══ Provided records

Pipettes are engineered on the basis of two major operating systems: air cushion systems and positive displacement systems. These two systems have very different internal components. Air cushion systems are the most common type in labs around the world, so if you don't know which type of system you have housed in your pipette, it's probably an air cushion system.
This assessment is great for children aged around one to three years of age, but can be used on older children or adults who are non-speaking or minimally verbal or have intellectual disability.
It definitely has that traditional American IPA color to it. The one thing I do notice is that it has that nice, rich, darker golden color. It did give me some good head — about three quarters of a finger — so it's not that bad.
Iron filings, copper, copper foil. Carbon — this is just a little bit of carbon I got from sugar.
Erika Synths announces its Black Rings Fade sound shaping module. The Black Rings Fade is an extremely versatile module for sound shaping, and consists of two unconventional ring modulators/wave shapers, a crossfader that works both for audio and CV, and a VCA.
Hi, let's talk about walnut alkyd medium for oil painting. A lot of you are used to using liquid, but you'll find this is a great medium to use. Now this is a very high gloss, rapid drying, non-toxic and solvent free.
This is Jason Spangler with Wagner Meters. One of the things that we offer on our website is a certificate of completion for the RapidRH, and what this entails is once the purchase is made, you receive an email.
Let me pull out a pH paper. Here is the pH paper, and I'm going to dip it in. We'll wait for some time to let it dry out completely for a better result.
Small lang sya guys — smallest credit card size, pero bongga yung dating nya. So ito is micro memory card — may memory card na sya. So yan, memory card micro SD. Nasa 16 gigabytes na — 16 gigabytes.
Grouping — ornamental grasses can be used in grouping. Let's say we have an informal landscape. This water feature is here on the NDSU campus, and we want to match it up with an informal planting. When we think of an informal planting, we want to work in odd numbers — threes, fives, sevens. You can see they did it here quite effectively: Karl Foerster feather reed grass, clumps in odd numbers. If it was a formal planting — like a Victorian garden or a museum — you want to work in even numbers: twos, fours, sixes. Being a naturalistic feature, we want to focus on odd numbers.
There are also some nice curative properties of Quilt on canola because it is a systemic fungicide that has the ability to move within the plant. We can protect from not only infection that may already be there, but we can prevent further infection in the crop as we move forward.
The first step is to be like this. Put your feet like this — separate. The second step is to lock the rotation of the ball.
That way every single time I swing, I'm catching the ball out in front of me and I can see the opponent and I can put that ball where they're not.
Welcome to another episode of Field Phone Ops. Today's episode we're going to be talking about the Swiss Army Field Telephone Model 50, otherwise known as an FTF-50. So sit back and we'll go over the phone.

════

> [Task prompt] Retype only the stretch of lines above starting at the one with "Erika Synths announces" and stopping at the one with "Hi, let's talk", exactly as written, with both kept.

> [Task response]
Erika Synths announces its Black Rings Fade sound shaping module. The Black Rings Fade is an extremely versatile module for sound shaping, and consists of two unconventional ring modulators/wave shapers, a crossfader that works both for audio and CV, and a VCA.
Hi, let's talk about walnut alkyd medium for oil painting. A lot of you are used to using liquid, but you'll find this is a great medium to use. Now this is a very high gloss, rapid drying, non-toxic and solvent free.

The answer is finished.